The work Jane and her team did leading up to and at the Libby trial is historic and has changed the very definition of blogging. Jay Rosen, a distinguished professor of journalism and the former head of NYU's journalism department wrote a paen to the Firedoglake community's work today. In short, FDL covered this crucial trial, in terms of news and in terms of analysis, better and more thoroughly than the TV stations, better than the New York Times and better than the Washington Post.
Firedoglake got handed a golden opportunity by the reluctance of big news organizations to spend on the information commons. At the Libby trial, there was no broadcast and no taping allowed. No posted transcript for anyone to consult. Thus the most basic kind of news there is—what was said in court today—was missing.
Converging on Washington, the team from FDL felt they represented people back home who wanted to know everything, and certainly had to have the blow-by-blow when court was in session. This was their strength: a demanding core community behind them, which couldn't wait to discuss the newest events. Knowing their readers, the decision was a no brainer: working in shifts, we live blog the whole thing.
“It's a real shame no one is buying and Web-publishing the full trial transcripts,” wrote Dan Froomkin on Jan. 24. “In the absence of that, Firedoglake’s live-blogging of the trial is becoming essential reading.” Froomkin again on March 6 said that FDL “became a must-read for journalists who couldn't attend the trial, but wanted to get a better and faster sense of what was going on than they could from their own colleagues.”
Professor Rosen called the work that FDL did the "most basic kind of journalism imaginable." They reported; they analyzed; they interpreted. Jane and her team fulfilled the promise that we all knew blogging could-- and will-- be. There will always been a place for CNN for people looking for cookie recipes and bits and pieces of news between stories about Anna Nicole Smith and Barack Obama's late traffic tickets. And there will always be a place for Fox for people who need their darkest and most bigoted impulses validated. But for people interested in living inside the news, FDL is blazing a trail others will emulate in the future.

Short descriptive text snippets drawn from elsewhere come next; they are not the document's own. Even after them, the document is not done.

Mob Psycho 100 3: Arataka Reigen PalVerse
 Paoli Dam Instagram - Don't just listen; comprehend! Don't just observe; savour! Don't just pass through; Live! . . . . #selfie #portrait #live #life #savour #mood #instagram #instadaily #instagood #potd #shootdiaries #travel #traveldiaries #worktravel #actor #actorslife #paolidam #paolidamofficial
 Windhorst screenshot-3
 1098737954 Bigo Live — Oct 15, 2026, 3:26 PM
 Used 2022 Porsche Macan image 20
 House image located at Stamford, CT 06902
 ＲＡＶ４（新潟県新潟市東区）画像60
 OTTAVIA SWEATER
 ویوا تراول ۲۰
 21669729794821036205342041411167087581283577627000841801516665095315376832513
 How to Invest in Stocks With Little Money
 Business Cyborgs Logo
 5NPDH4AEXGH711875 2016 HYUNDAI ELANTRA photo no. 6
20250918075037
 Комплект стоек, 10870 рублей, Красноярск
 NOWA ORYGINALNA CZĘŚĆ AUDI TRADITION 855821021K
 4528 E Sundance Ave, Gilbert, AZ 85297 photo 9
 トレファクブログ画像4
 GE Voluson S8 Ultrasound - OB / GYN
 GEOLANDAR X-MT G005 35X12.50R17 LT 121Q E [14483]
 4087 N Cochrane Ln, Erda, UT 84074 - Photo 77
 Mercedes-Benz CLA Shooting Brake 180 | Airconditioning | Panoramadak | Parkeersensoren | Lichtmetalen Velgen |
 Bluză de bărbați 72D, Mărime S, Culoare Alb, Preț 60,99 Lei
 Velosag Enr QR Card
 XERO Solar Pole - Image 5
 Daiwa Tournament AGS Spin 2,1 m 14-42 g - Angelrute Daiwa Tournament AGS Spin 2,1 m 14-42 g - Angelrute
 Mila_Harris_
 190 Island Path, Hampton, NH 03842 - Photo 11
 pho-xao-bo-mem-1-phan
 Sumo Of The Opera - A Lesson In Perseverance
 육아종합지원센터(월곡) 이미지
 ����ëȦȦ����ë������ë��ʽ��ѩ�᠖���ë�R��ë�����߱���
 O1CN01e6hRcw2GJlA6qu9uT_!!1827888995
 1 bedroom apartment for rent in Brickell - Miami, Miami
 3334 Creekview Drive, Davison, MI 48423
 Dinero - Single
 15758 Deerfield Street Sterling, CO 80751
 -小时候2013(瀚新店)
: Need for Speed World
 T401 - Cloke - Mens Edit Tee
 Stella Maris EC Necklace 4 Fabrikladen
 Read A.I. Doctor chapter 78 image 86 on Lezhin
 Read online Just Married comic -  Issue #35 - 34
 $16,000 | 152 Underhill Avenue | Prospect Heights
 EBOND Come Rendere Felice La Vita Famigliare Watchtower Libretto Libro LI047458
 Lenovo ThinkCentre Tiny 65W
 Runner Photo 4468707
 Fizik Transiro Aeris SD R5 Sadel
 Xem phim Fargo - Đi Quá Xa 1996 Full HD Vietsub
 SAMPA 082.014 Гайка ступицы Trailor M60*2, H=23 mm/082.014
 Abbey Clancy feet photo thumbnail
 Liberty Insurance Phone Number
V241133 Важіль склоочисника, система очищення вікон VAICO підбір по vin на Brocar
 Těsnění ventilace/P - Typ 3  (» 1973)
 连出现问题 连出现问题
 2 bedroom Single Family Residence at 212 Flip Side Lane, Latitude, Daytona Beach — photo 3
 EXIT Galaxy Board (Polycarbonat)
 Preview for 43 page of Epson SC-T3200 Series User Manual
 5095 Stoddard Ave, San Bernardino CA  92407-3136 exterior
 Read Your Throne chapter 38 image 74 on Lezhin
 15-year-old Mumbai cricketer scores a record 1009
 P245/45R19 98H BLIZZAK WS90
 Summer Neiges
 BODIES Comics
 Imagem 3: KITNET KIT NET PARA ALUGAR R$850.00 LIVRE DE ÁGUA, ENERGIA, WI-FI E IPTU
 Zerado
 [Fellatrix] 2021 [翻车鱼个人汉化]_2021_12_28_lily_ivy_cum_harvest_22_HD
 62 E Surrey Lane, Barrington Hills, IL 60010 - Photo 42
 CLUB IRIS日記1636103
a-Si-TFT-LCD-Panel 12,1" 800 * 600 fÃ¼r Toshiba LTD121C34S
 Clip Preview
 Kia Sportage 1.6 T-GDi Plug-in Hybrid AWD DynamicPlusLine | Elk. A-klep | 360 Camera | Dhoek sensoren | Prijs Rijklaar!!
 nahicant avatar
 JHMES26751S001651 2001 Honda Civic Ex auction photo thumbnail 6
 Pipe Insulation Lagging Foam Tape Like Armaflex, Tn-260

After you read Dr. Rosen's blog piece I want to suggest you take a look at the comments. These are people who care. These aren't the CNN or the Fox viewers and they're not the people who get the news from USAToday or from the editorial page of the Wall Street Journal.
Labels: Libby
2 Comments:
"historic...changed the very nature of blogging"
Strong words.
And in this case, I agree completely. It's no exaggeration
I watched most of the Libby trial via FDL, and the coverage was what journalism is actually supposed to be; just reporting what happened. I think blogging can get us back to that, because bloggers in general can do no more than that; it's pure journalism, in which only the facts are given. I know I'm a dreamer, but I would really like for journalism to get back to its roots -- citizens telling other citizens what's happening, instead of this know-it-all elite that's built up, in which insiders train other insiders, and the only goal, is how quickly can I become a brainless news reader for $20 million a year?
I know that was kind of a rant, but it's true. We need more pure journalism, and FDL was a great example of that.